Information completeness. A well-designed ETL pipeline includes all of the business sources which are relevant to your operations in a single place (the destination data warehouse/database). All of the information is complete, so there are no missing puzzle pieces.
Information quality. ETL processes validate data at extraction or correct/discard data at transformation. This ensures that the quality of data is always controlled before it is analyzed, thus increasing trust in the analysis and giving you the confidence to use data for business intelligence and data-driven decision making.
Information velocity. ETL processes can be designed to trigger the entire ETL pipeline whenever new data arises in the sources or when existing data is changed. You can therefore control the ‘freshness’ of the data, as well as the speed at which you make decisions based on signals in the outside world.
Novel business insights. The entire ETL process brings structure to your company’s information. This allows you to spend more time analyzing novel questions and acquiring new insights, rather than trying to perform procedures to get valuable data at each stage.
The ETL process is guided by engineering best practices. However, setting up your data pipelines accordingly can be tricky. Here, we dive into the logic and engineering involved in setting up a successful ETL process:
Extract explained (architectural design and challenges)
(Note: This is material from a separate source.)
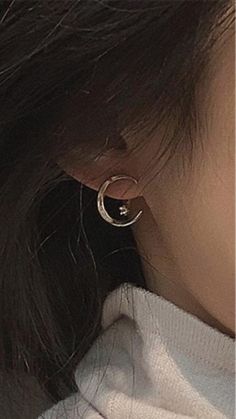 These unique jacket earrings feature a sweet CZ "North Star" that hangs from behind a crescent moon stud.

>> North Star Moon Ear Jackets: https://fanyv88.com:443/https/pinealvisionjewelry.com/products/north-star-moon-ear-jackets Jacket Earrings, Christmas Day Outfit, Unique Jackets, Earring Jackets, Moon Studs, Pumpkin Colors, Dainty Studs, Ear Jacket, Earring Gold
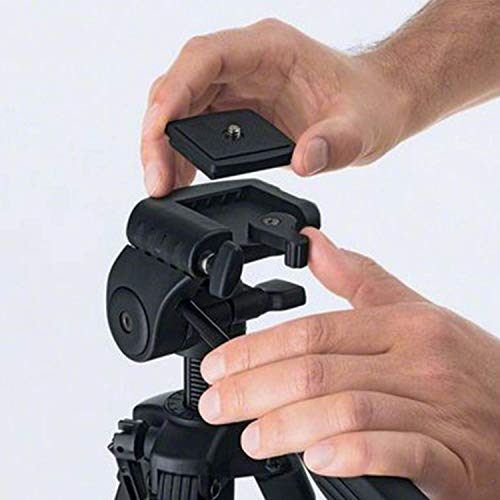 Bosch Premium-Stativ TT 150 (regulierbare Höhe 55-157 cm für schnelle und flexible Positionierung von Kreuzlinienlasern)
Transform explained (architectural design and challenges)
Load explained (architectural design and challenges)
ETL vs ELT
How Keboola automates much more than just your ETL process
The “Extract” stage of the ETL process involves collecting data from its data sources. This data will ultimately lead to the rows and columns of your analytic database.
Traditionally, extraction meant getting data from Excel files and Relational Management Database Systems, as these were the primary sources of information for businesses (e.g. purchase orders written in Excel). With the increase in Software as a Service (SaaS) applications, the majority of businesses now find valuable information in the apps themselves, e.g. Facebook for advertising performance, Google Analytics for website utilization, Salesforce for sales activities, etc. Today, data extraction is mostly about obtaining information from an app’s storage via APIs or webhooks.
Extract architecture design
When designing the software architecture for extracting data, there are 3 possible approaches to implementing the core solution:
Full-extraction. Each extraction collects all data from the source and pushes it down the data pipeline.
Incremental extraction. At each new cycle of the extraction process (e.g. every time the ETL pipeline is run), only the new data is collected from the source, along with any data that has changed since the last collection. For example, data collection via API.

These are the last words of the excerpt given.